È quanto è accaduto già a partire dal 2020 con il progetto “Aiutare chi aiuta” in partnership con le diocesi italiane che quest’anno hanno proposto tantissime idee per il nuovo bando legato alle condizioni di chi vive in carcere. «Ne abbiamo già selezionati 31 di progetti dalle diocesi e ci siamo resi conto che è un tema su cui c’è molta attenzione: il programma si articola su diversi livelli. Si va dalla promozione di valori come la legalità e il rispetto dell’altro su cui le persone detenute hanno bisogno di essere accompagnate, al contrasto della povertà materiale, con la distribuzione di indumenti e prodotti per l’igiene a chi vive in cella. Non mancano i corsi informatici e di finanza, ma anche i programmi di occupabilità per ridurre molto la recidiva; e infine c’è un progetto di animazione della comunità per superare i pregiudizi e favorire l’accoglienza degli ex detenuti» e un loro ritorno alla vita di comunità.

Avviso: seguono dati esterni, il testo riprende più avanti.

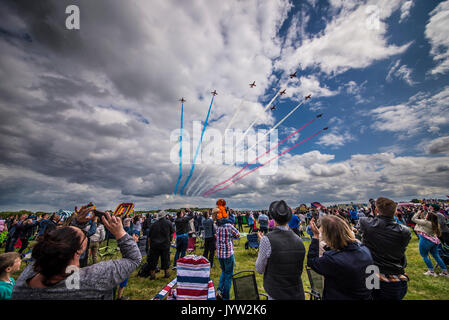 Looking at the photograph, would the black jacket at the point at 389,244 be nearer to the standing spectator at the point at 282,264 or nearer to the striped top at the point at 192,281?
the standing spectator at the point at 282,264

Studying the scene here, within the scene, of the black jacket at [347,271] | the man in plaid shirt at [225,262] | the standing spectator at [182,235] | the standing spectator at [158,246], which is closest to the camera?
the black jacket at [347,271]

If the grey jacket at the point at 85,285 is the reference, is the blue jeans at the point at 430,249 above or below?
below

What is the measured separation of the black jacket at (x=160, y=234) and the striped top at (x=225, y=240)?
3.16m

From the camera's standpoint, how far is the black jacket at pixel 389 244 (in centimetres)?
317

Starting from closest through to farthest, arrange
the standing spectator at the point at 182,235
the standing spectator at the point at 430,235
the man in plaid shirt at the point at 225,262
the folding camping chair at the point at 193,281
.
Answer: the folding camping chair at the point at 193,281, the man in plaid shirt at the point at 225,262, the standing spectator at the point at 430,235, the standing spectator at the point at 182,235

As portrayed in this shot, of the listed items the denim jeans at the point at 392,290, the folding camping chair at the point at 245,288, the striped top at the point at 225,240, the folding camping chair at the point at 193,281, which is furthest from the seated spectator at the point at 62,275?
the denim jeans at the point at 392,290

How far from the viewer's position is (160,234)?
7.29 meters

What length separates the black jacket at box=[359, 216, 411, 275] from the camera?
317 centimetres

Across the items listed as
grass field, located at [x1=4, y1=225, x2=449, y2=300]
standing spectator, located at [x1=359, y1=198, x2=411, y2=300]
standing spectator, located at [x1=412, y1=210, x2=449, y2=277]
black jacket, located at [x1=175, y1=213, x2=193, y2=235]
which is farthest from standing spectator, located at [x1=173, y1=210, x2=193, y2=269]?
standing spectator, located at [x1=412, y1=210, x2=449, y2=277]

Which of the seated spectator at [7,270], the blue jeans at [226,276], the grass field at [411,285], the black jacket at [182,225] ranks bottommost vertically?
the grass field at [411,285]

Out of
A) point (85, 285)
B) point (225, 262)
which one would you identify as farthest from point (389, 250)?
point (85, 285)

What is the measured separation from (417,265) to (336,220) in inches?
383

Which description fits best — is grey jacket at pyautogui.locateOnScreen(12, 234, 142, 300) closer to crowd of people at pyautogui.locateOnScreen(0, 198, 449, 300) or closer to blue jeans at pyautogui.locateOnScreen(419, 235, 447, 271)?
crowd of people at pyautogui.locateOnScreen(0, 198, 449, 300)

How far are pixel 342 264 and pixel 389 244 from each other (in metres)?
1.76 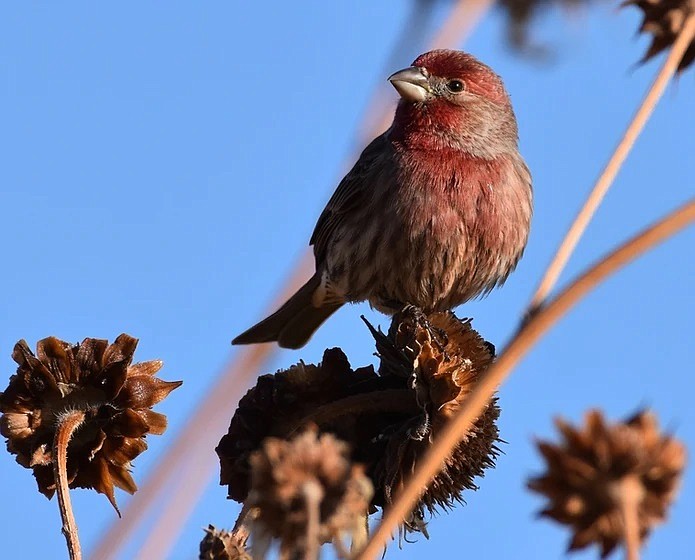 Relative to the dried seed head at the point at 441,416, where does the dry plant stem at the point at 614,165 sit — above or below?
below

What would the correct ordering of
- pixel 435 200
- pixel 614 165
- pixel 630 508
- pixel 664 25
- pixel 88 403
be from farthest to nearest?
pixel 435 200 < pixel 88 403 < pixel 664 25 < pixel 614 165 < pixel 630 508

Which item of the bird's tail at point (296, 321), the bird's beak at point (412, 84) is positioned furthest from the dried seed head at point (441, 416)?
the bird's tail at point (296, 321)

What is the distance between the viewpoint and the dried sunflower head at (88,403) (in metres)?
2.78

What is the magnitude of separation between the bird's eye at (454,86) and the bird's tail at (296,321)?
1.37 meters

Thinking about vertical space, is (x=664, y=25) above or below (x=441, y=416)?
below

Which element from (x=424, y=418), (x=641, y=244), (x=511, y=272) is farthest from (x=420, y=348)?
(x=511, y=272)

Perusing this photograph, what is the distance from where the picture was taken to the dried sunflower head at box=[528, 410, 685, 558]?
1.54 meters

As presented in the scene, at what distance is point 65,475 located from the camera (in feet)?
7.78

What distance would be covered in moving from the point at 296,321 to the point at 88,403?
3976 millimetres

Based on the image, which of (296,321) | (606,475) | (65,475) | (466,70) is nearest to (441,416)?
(65,475)

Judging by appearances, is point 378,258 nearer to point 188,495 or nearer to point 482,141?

L’ultimo sogno nel cassetto riguarda l’innovazione, la robotica e l’intelligenza artificiale, strumenti con i quali Bonassi, Chief Social Impact Officer di Intesa Sanpaolo, vorrebbe che venissero affrontate le questioni sociali: «Vorremmo che i nostri progetti potessero non essere solo la risposta a dei bisogni immediati, ma in qualche modo riuscissimo con il nostro impegno per il sociale ad avere un impatto strutturale e trasformativo sulla realtà, anticipando i bisogni del nostro tempo».